Het is hoe dan ook de vraag wat er schort aan het zionisme. Is het immers niet het zionisme zelf dat steeds weer Palestijns verzet oproept.?Een indicatie daarvan is ook dat eeuwenlang een kleine orthodox-joodse minderheid (van 3 a 4 procent) in Jeruzalem, Jaffa en Haifa in harmonie heeft samengeleefd met de Palestijnse meerderheid. Als dat na de komst van de settlers drastisch veranderde, kun je je afvragen of de zionisten van het eerste uur zich wellicht niet hebben vergist met hun droom om tweeduizend jaar geschiedenis terug te willen draaien. Vele zionisten wisten overigens niet eens dat Palestina bewoond was. Theodor Herzl, de vader van de idee, wist dat wel. Hij koos voor Uganda. Later ging hij akkoord met Palestina en bedacht als strategie de bezitters uit te kopen, ‘de landgoederen te onteigenen en de arme bevolking stiekem over de grens proberen te zetten’.

Vrienden worden met je buren is bij een settlers-kolonisatie een eerste vereiste.

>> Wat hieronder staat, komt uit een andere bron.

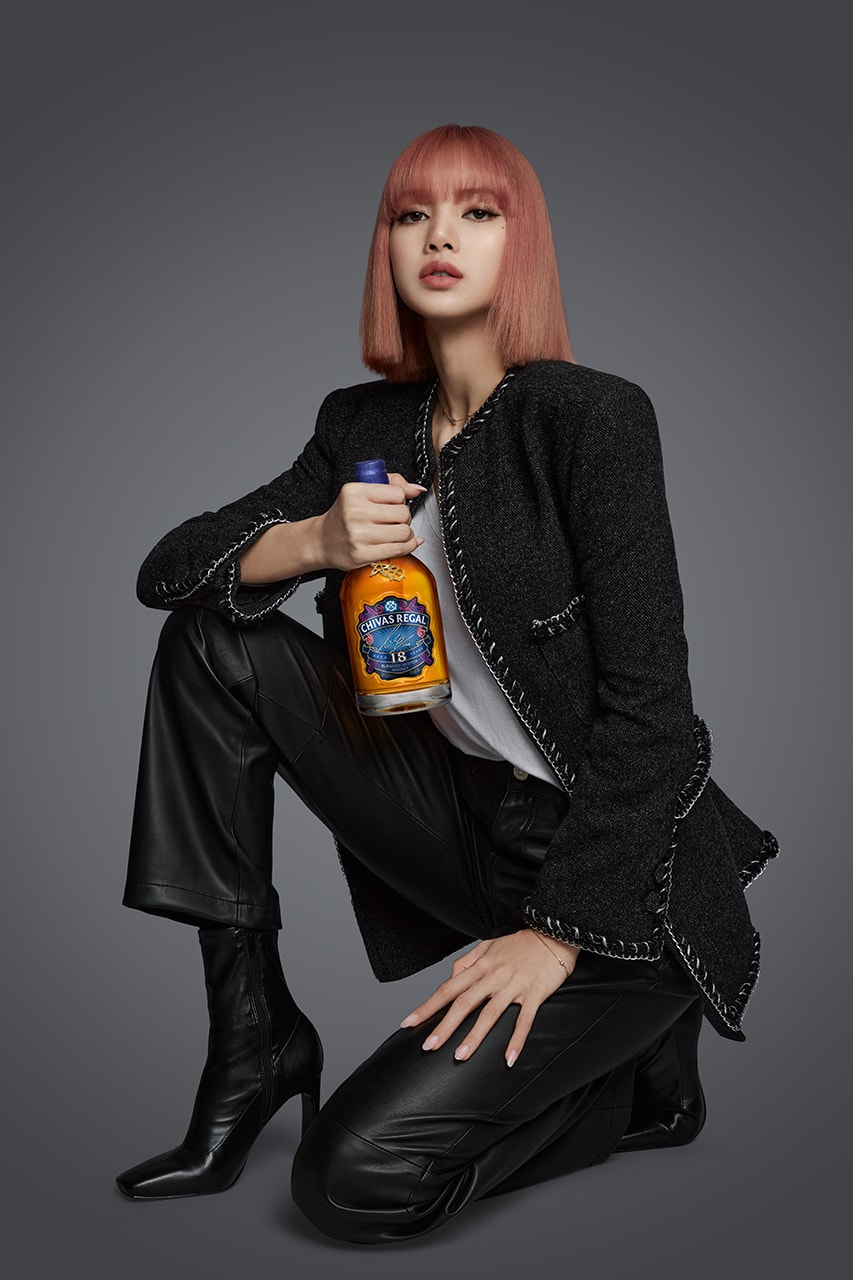 blackpink lisa chivas bottle whisky collaboration drink alcohol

De zionistische pioniers deden precies het tegendeel. Ze voelden zich westers en ‘beschaafd’ en gedroegen zich arrogant en koloniaal jegens de autochtonen. De Russische jood Asher Ginzberg (1856-1927), die deze attitude scherp veroordeelde, signaleert: “Onze broeders behandelen de Arabieren vijandig en wreed, en scheppen daar nog over op ook, net als de slaaf die koning is geworden.” (De Brug, september 2003.) Vergeten wordt vaak ook dat de gezaghebbende joodse politiekfilosoof Hannah Arendt later in 1944 krachtig stelling nam tegen een joodse staat, die volgens haar ‘tot een onoverkomelijk joods-Palestijns conflict’ zou leiden en die al spoedig zou ‘degeneren tot een kleine oorlogsstam als Sparta. Het zal een catastrofe worden’ (De Groene Amsterdammer, 3 augustus 2002).

Anders dan Ben Goerion begreep zij, zeker in een tijd van dekolonisatie, dat het stichten van een joodse staat, waarbij hoofdbewoners als vreemdeling in eigen land en onder een vijandige vlag moesten leven, de situatie vele malen erger zou maken. Ze kreeg gelijk. Veel geweld en vier oorlogen met de buren waren  het gevolg. Voorts werd er in 1948 etnische zuivering toegepast via onder meer de doelbewuste massamoord in Deir Yassin, waardoor 750.000 Palestijnen (volgens het strijdplan Daleth) land en haard verloren en vierhonderd dorpen en steden met de grond gelijk werden gemaakt, terwijl in 1967, het jaar dat de bezetting van de Westoever en Gaza begon, ook nog eens tachtigduizend boeren en burgers van de Syrische Golanhoogte zijn verdreven en ook daar een honderdtal dorpen werd verwoest.

Als Jaap Hamburger van Ander Joods Geluid in dit licht verklaart dat ‘Israël zich van meet af aan heeft ontpopt als een ramp voor zijn buren’ (De Volkskrant, 4 augustus), steun ik hem daarin. Ik voeg toe dat daardoor ook Arabische machthebbers kans zagen het proces van democratisering in hun land te blokkeren. Is Israël trouwens niet tevens enigszins een ramp voor de wereld? Israël mag klein zijn, maar de negatieve energie die vooral na 1967 van zijn politieke elite uitgaat, qua vijanddenken, militarisme, wapenexport, overtreding van de Conventies van Genève, het bruuskeren van de VN en het stigmatiseren van tegenspelers, die te pas en te onpas het etiket antisemiet krijgen opgeplakt, is zeer groot.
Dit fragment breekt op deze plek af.